April 14 at 15 CET, Manuel A. Palacios and Barry M. Wise from Eigenvector Research gave a webinar about the very intriguing Diviner. You can see the webinar here.

The story: AutoML, or Automated Machine Learning, represents a paradigm where the entire pipeline of data preprocessing, variable selection, feature engineering, model selection, and hyperparameter tuning is automated, typically leading to a singular optimized model. While highly efficient and simple from the end-user perspective, this approach often lacks transparency and customizability. Furthermore, the black-box nature of AutoML might overlook models that an analyst would have preferred, instead prioritizing what it deems the ‘best’ model, potentially missing nuanced solutions tailored to specific needs.

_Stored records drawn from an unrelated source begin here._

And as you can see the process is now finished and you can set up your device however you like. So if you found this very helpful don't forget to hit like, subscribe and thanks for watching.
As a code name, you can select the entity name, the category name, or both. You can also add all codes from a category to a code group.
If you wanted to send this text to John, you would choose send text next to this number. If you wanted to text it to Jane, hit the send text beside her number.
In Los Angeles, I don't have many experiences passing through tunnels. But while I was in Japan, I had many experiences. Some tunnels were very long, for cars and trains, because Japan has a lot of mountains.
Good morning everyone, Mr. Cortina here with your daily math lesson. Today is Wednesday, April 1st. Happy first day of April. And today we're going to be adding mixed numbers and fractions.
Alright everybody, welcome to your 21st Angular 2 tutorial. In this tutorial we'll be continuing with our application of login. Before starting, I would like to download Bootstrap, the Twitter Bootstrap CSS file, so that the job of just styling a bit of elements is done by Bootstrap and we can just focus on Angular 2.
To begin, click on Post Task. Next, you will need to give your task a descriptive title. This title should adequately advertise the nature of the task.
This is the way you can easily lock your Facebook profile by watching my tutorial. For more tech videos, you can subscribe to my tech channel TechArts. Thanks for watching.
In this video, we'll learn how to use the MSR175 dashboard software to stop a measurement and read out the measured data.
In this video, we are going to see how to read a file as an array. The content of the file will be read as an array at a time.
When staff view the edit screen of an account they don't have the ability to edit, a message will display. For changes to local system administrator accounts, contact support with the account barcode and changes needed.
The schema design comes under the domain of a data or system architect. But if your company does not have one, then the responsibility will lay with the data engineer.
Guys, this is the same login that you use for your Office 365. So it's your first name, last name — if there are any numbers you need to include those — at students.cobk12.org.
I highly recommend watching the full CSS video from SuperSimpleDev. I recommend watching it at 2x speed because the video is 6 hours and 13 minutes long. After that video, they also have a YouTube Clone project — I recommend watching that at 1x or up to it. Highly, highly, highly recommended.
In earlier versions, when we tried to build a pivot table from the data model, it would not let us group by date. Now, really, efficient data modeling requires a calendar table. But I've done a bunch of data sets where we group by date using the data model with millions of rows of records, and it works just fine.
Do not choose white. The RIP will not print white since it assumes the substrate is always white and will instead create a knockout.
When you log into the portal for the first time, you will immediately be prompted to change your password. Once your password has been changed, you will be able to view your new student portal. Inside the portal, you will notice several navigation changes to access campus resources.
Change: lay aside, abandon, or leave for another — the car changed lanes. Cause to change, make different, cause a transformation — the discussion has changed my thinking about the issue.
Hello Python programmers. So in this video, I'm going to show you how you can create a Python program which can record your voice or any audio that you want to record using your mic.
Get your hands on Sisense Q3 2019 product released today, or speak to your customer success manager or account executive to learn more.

In this talk we introduce Diviner, (from Divine—to discover or locate something by intuition, insight or supernatural means), a novel semi-autoML approach that transcends the traditional black-box model by actively involving the analyst in the model-building process. Unlike conventional autoML methods that yield a single optimal model, our approach creates a family of models and ranks them by their cross-validation performance, degree of overfitting, and prediction error on validation sets.
Diviner commences with user-assisted outlier assessment via Principal Components Analysis (PCA) and Robust Partial Least Squares (RPLS), followed by variable selection to hone significant predictors. Various data-relevant preprocessing algorithms are explored, and linear models (Partial Least Squares and Elastic Net) are calibrated (with hyperparameter tuning) and ranked. At this point, the end-user selects the models to keep and take for further refinement, including re-assessment of outliers, preprocessing and variable selection fine-tuning. Finally, the user chooses the models to output. This can be a single model, a series of the top-ranked models, or an ensemble of models which can be further optimized.
Diviner bridges the gap between full automation and user-led customization, leading to more insightful and transparent model-building. Through the evaluation of several datasets, we demonstrate promising results in predictive accuracy and model diversity. This research not only contributes to the practical application of autoML but also sparks a dialogue on rethinking how autoML models are constructed, evaluated, and understood, moving away from the black-box solution to a more collaborative, interpretable, and adaptive methodology.